Great you're getting to see so many legendary players too. I think after seeing Buddy Guy and RC you'll want a Strat.


----------



## ndiggity (Apr 2, 2008)

devnulljp said:


> That Epiphone / faded Gibson thing is sure coming up a lot lately.
> I think you're te only one that can answer those questions though. Try a bunch and see how you feel? I went through years of flipping from LP to Strat and back. Finally settled on a 335 but I just turned 40 so there you go.
> 
> Great you're getting to see so many legendary players too. I think after seeing Buddy Guy and RC you'll want a Strat.


Yeah I will definetly have to try some out. But like what do I look for in differences between two guitars of the same model? I know they say that you need to play a few before you find one that's set up better and such, but I have no idea what i'm supposed to look for. Also, do you usually buy the guitar they have out to play or do you try and get one that hasn't been played yet? I have played guitar for a few years now, but I still don't know the nuances and stuff so any help is greatly appreciated.

It is exciting to see alot of great players at a young age. I'm going to see Mark Knopfler in July and hopefully see Rush in may.


----------



## rockinbluesfan (Mar 3, 2008)

You should check out some japanese guitars- they are getting more popular with excellent quality. Tokai and esp are a few of the brands, just bought a tokai myself although I don't have it yet! Check out tokairegisrty.com or even ebay for a possibility. FYI


----------



## cdub66 (Dec 13, 2007)

ndiggity said:


> Yeah I will definetly have to try some out. But like what do I look for in differences between two guitars of the same model? I know they say that you need to play a few before you find one that's set up better and such, but I have no idea what i'm supposed to look for.


When I went to buy my first, all I knew was how to form a "C" chord and that I'd put off learning to play guitar too long.

Off to L&M with full intentions of buying an Aerodyne Telecaster that was in the Boxing week flyer. After plonking my c chord on some 15-20 different guitars (including the Aero Tele, buncha Strats, few ESP LTDs and assorted Epiphones) I kept coming back to one certain MIM Strat. It felt "nice" for some reason I couldn't understand. I bought that one. $465.00 (+gst)

Now, 3 months later, I've really polished up that C chord, and am playing it (and a few others :banana on the same Strat, and have been fortunate enough to have bought even better feeling and sounding (to me) guitars in a Highway 1 Tele and finally, an AV62RI. (although the budget's increased on each one:smile

With your prior experience, I'd think you'd find one or two in short order that feel "better" at your local guitar store. 
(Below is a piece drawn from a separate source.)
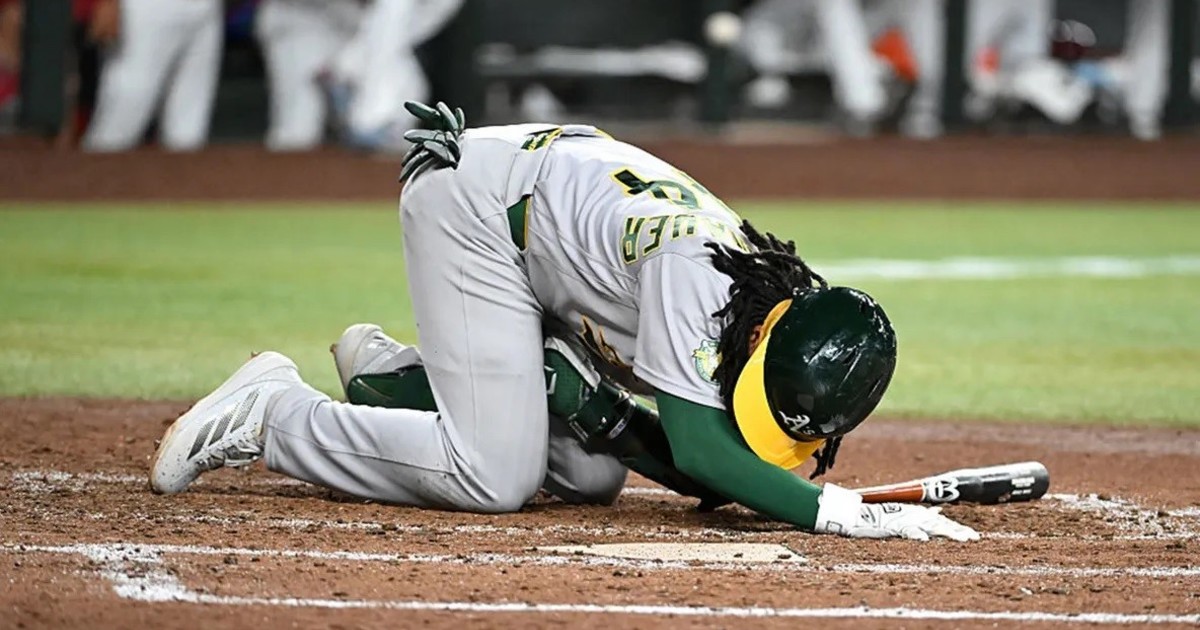 Brutal lesión: novato de los Athletics conecta jonrón y sufre rotura testicular por un foul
Good luck in your search, and have fun!


----------



## suttree (Aug 17, 2007)

devnulljp said:


> OP sure sounds like s/he'd like a Strat though.
> Here's a great pic of I think the Crossroads festival, and it's like a who's who of rock/blues guitar. Lots of Strats:


yah, you're right.. but then the list of music likes made me say a tele. i don't think a strat is quite as at home in punk rock (of which there's a lot listed) as a tele... also jimmy page has always been a big tele guy. 
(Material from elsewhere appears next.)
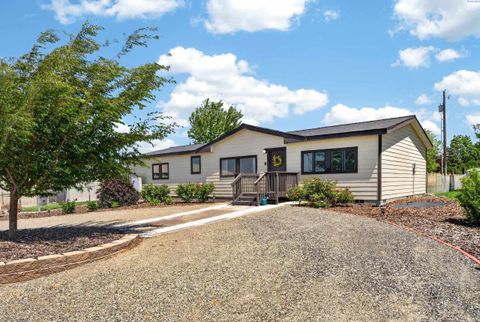 Photo of 251 Hanson Loop, Burbank, WA 99323 (MLS # 293961)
don't get me wrong, it's the way you play the thing, not the thing itself that matters... the OP certainly won't go wrong with a strat (or an SG). i just thought i'd ring in on the tele side of the debate, because of all the guitars out there, i really am beginning to think it's the most versatile (which is odd considering it's about as simple as a guitar can get)...


----------



## ndiggity (Apr 2, 2008)

suttree said:


> yah, you're right.. but then the list of music likes made me say a tele. i don't think a strat is quite as at home in punk rock (of which there's a lot listed) as a tele... also jimmy page has always been a big tele guy.
> 
> don't get me wrong, it's the way you play the thing, not the thing itself that matters... the OP certainly won't go wrong with a strat (or an SG). i just thought i'd ring in on the tele side of the debate, because of all the guitars out there, i really am beginning to think it's the most versatile (which is odd considering it's about as simple as a guitar can get)...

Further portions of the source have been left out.